__TASK__
Pictures aside, return every line below exactly as written.

[Records drawn from a dataset]

┌──

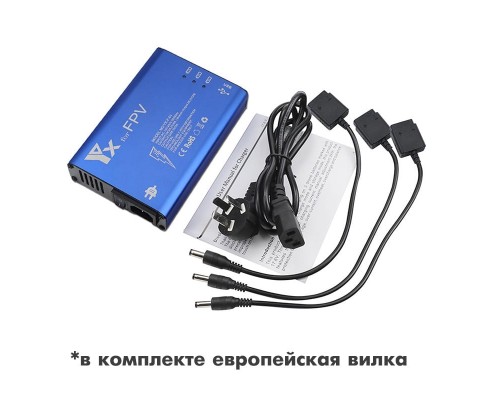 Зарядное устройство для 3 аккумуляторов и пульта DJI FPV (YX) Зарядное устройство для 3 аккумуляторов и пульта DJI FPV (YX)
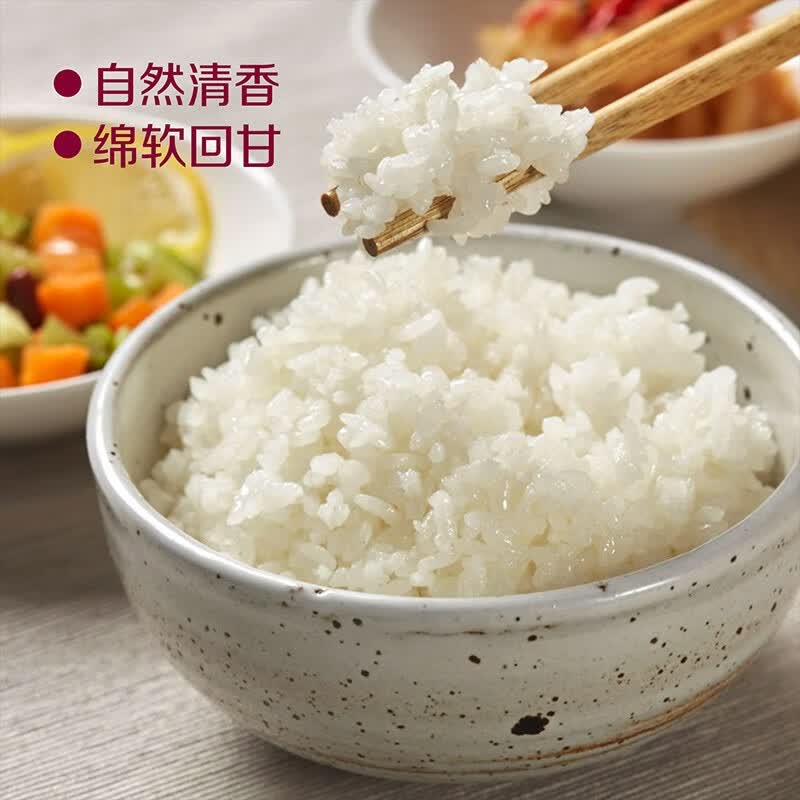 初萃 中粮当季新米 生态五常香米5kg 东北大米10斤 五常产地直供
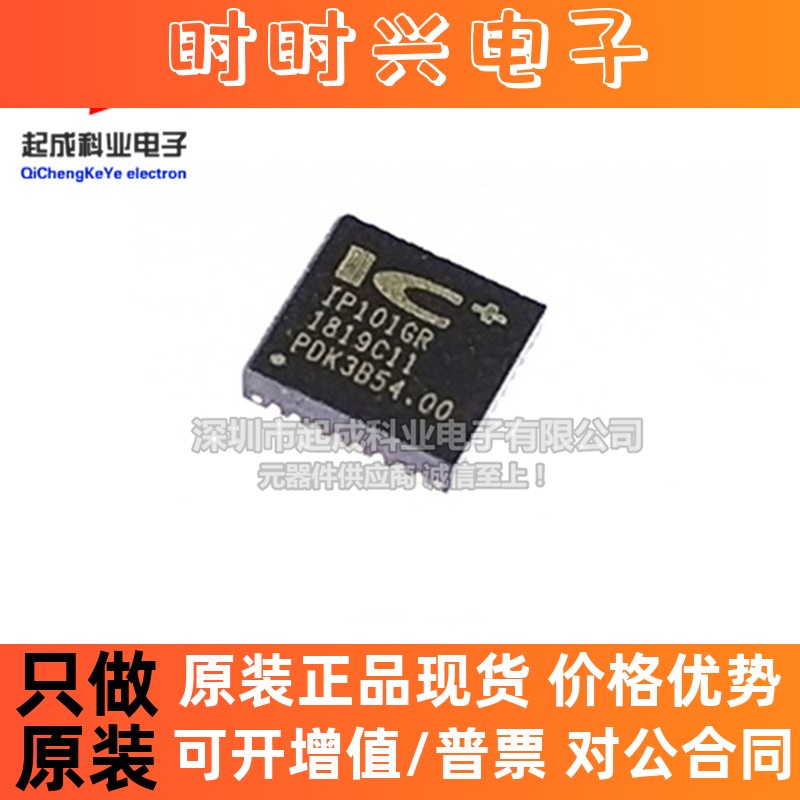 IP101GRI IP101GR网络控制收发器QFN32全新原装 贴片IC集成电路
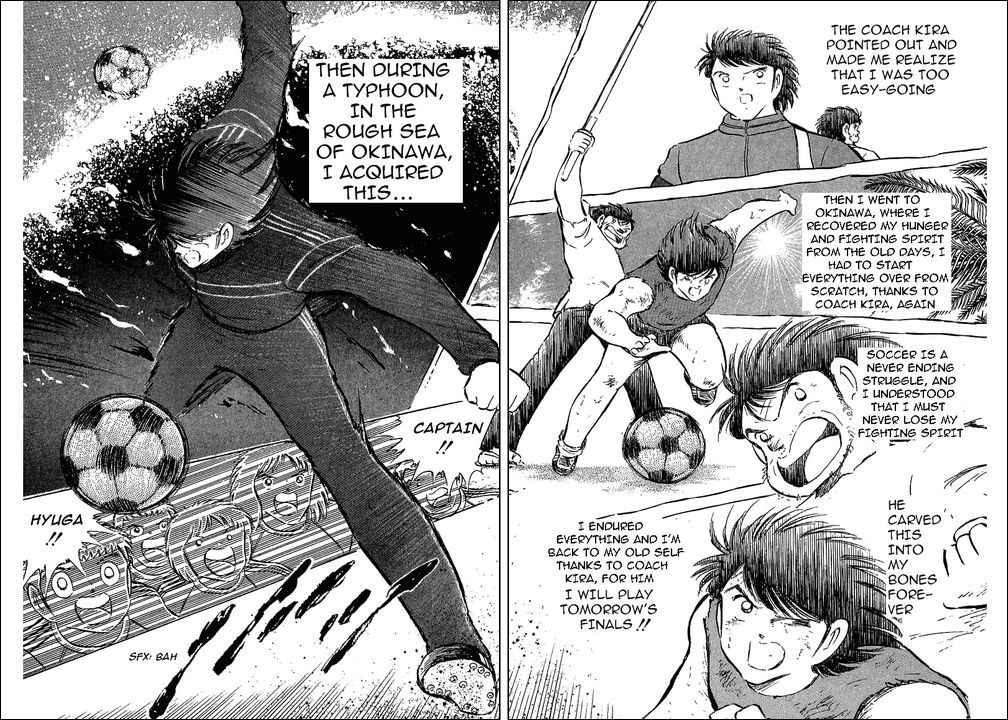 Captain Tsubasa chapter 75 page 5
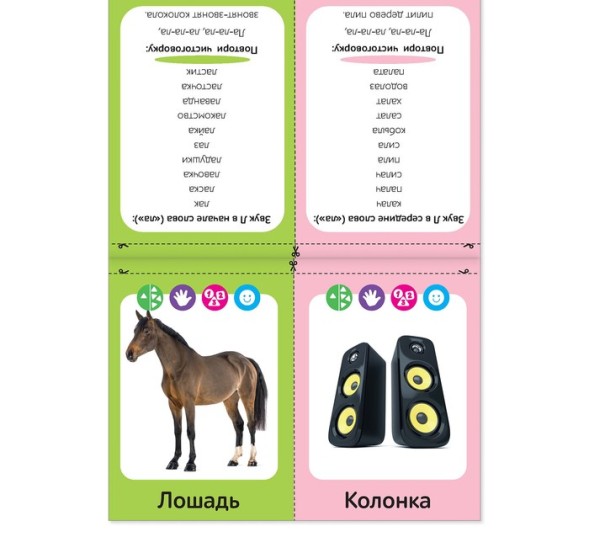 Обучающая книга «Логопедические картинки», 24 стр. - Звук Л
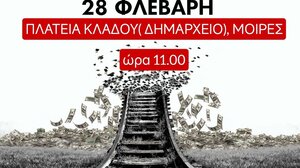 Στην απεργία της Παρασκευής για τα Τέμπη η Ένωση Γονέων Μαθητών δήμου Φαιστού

└──

__ANSWER BELOW__
 Зарядное устройство для 3 аккумуляторов и пульта DJI FPV (YX) Зарядное устройство для 3 аккумуляторов и пульта DJI FPV (YX)
 初萃 中粮当季新米 生态五常香米5kg 东北大米10斤 五常产地直供
 IP101GRI IP101GR网络控制收发器QFN32全新原装 贴片IC集成电路
 Captain Tsubasa chapter 75 page 5
 Обучающая книга «Логопедические картинки», 24 стр. - Звук Л
 Στην απεργία της Παρασκευής για τα Τέμπη η Ένωση Γονέων Μαθητών δήμου Φαιστού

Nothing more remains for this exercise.